I became interested in woodworking while I was growing up. My grandpa had his own cabinet shop and my father installed kitchens. My dad would take us along to work sometimes on Saturdays and had wood working equipment at home that we used. I started carving a couple of animals in college after my parents got me a carving set for my birthday. Then after graduating from Millersville University, I started teaching Technology Education and the carving was put on the back burner.

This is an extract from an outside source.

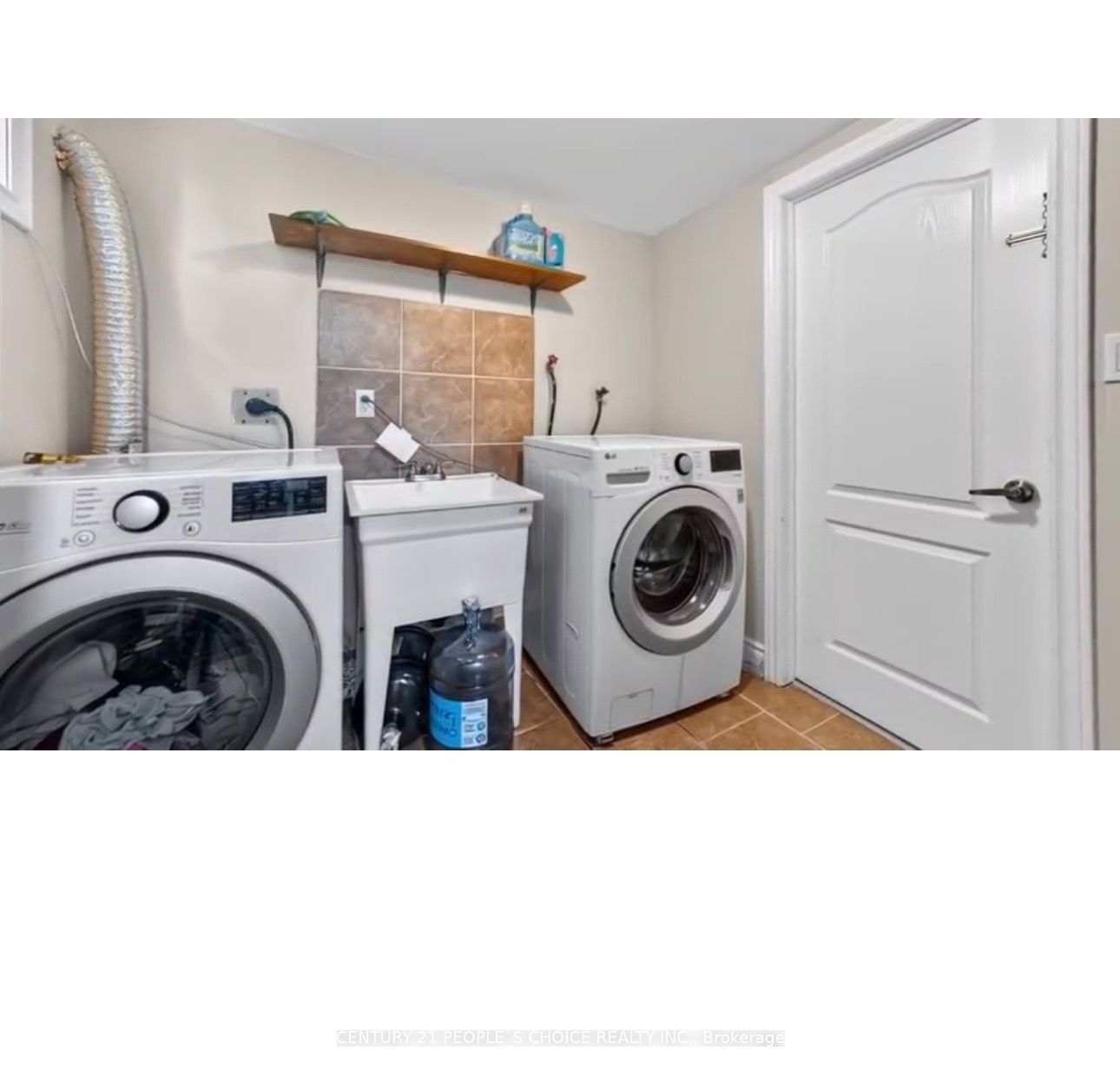 48 English Street Property Photo 12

My grandpa, Oliver Petersheim, got me interested in carving canes. He carved canes with whatever lumber he could find around his cabinet shop. He used chisels that he made from old wood files. He would sit on his front porch and carve canes while he watched cars drive by. Grandpa would then give the canes as gifts or donate them to charity auctions. After he passed away in 2004, I began using his chisels to carve canes the way he did. Carving these canes is a way that I can connect with and honor the memory of him. If you notice I carve 4 lines around the top of most of my canes. I do this for several reasons. First, I carve lines because grandpa used to put lines around the top of his canes. Second, I put 4 lines because that represents the year he passed away and the year I started carving canes. Last, I like the way it looks because it helps hide the transition from the cane shaft to the cane handle.
I have since retired grandpa's chisels and got a set of my own so I do not wear out his. While I still use the chisels to carve fine details and words, I power carve pretty much everything else with a Dremel.
I carve part time and I am the President of the American National Cane Club.